(Image-caption web data)
# # #

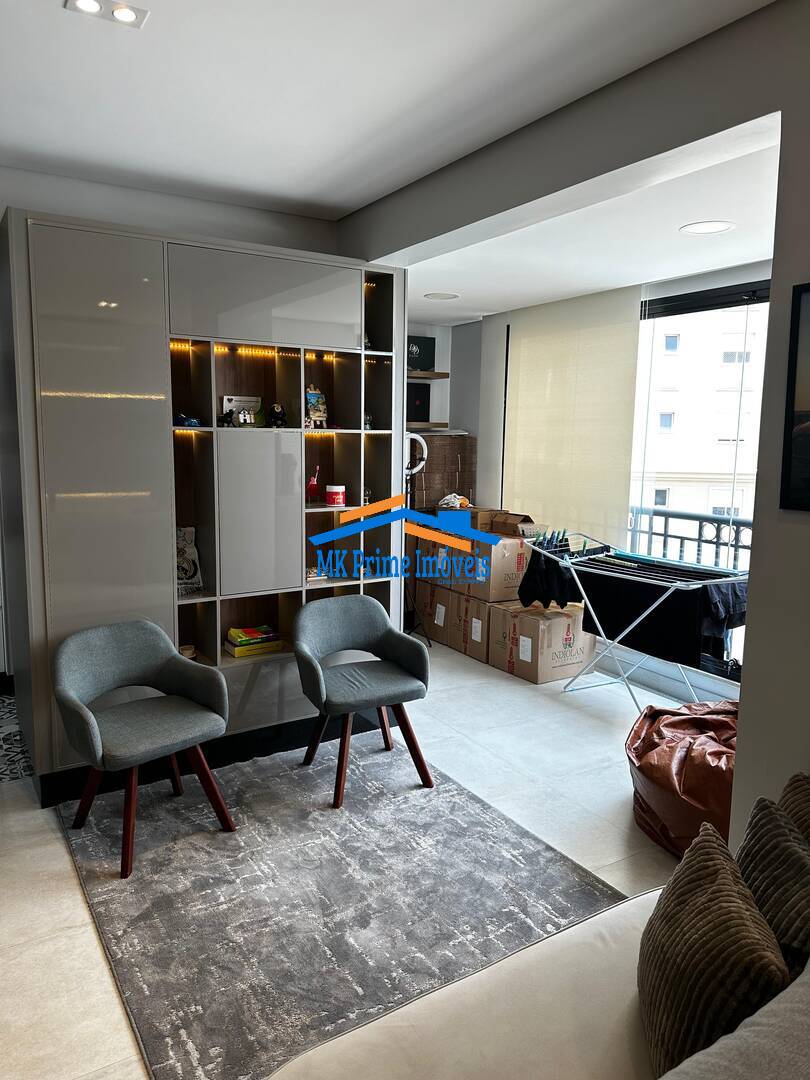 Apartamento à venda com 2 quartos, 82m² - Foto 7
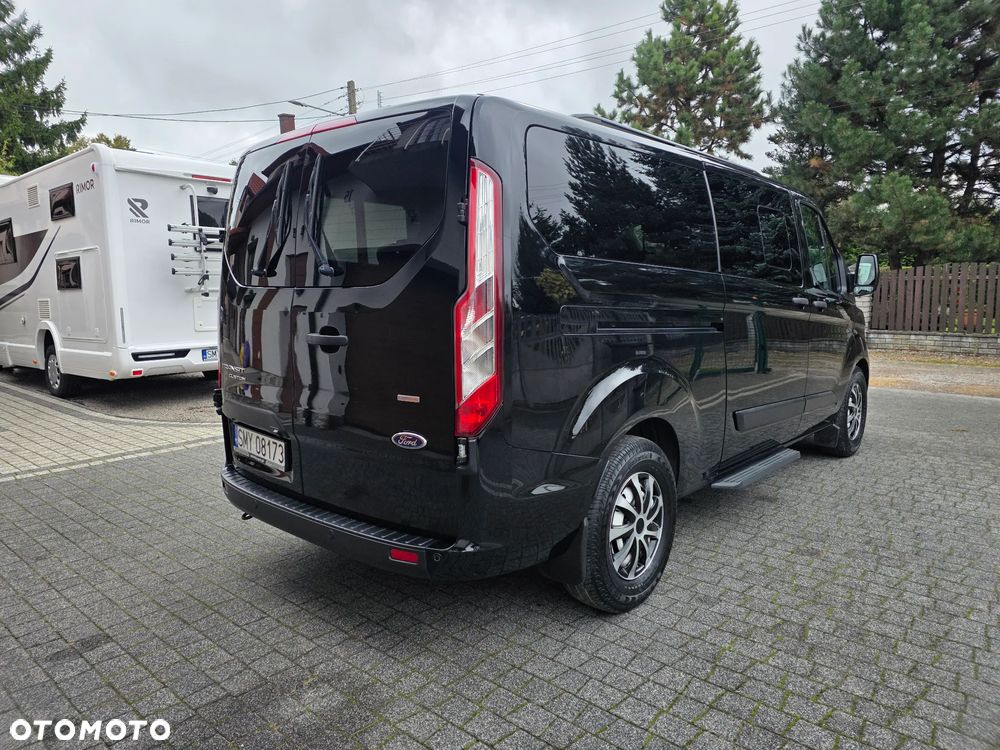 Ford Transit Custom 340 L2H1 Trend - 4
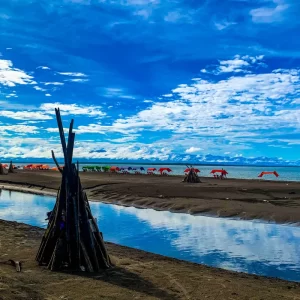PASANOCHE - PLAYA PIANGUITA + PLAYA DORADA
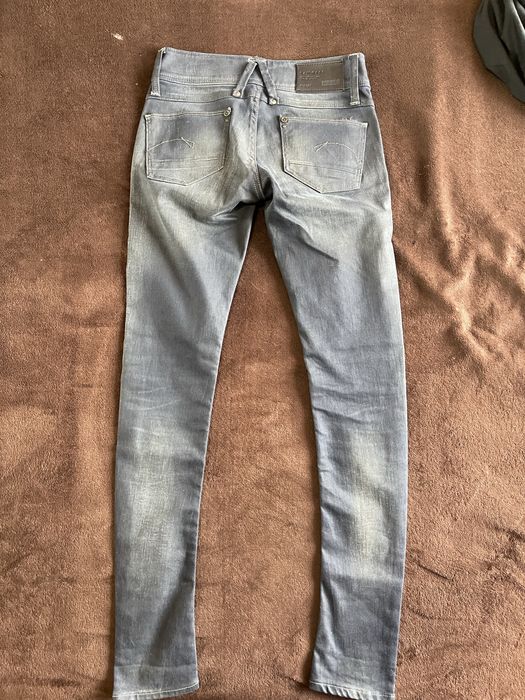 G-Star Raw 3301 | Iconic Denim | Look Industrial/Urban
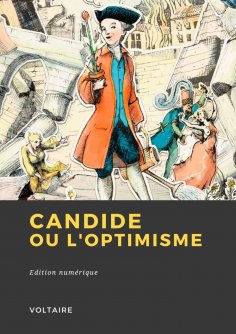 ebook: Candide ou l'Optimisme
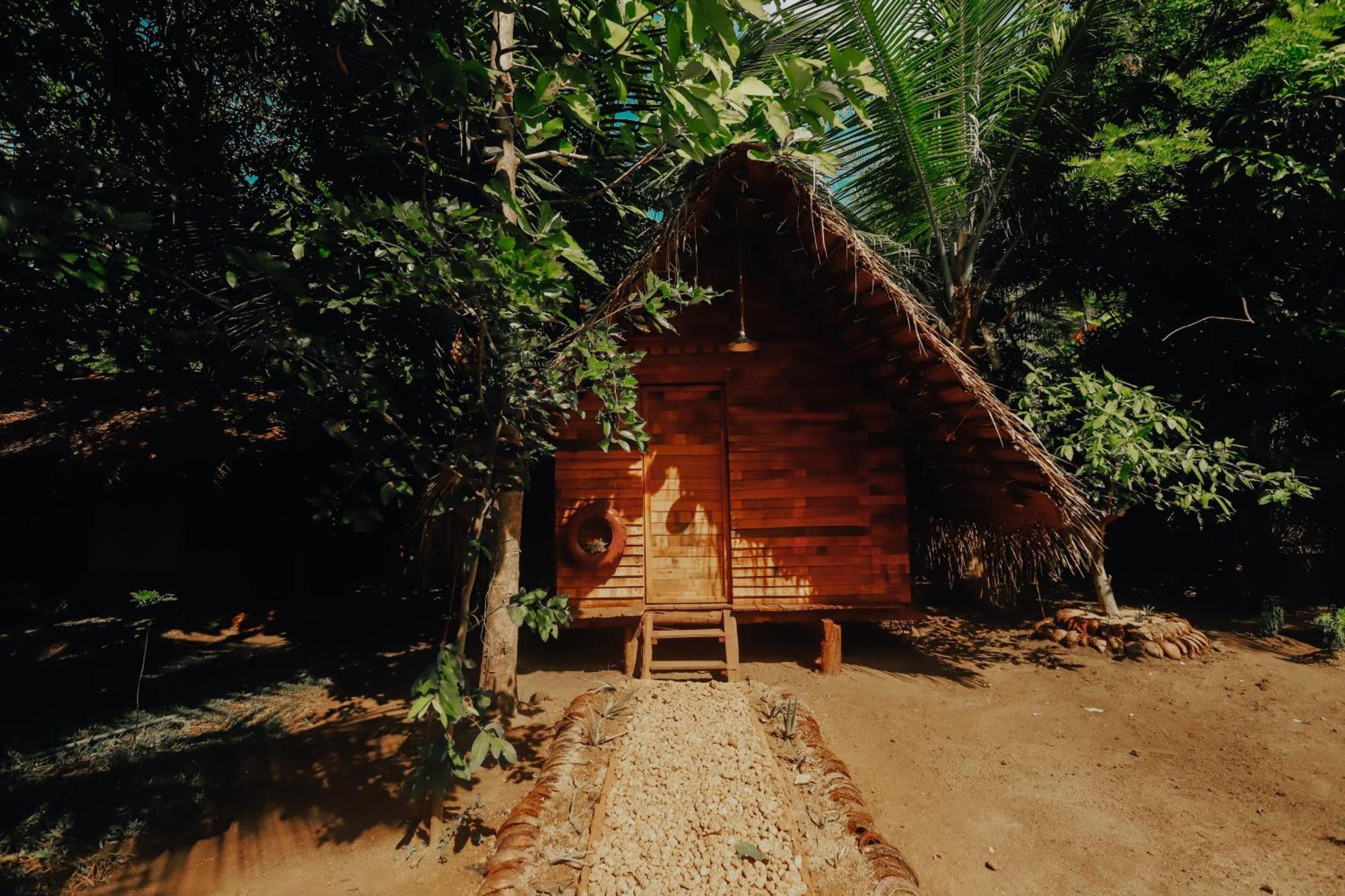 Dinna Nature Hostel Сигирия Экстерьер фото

# # #

Output, exactly and without pictures, the lines above that run from the one containing "G-Star Raw 3301" through the last line of the entries, inclusive.

#### ANSWER TO THE PROBLEM
 G-Star Raw 3301 | Iconic Denim | Look Industrial/Urban
 ebook: Candide ou l'Optimisme
 Dinna Nature Hostel Сигирия Экстерьер фото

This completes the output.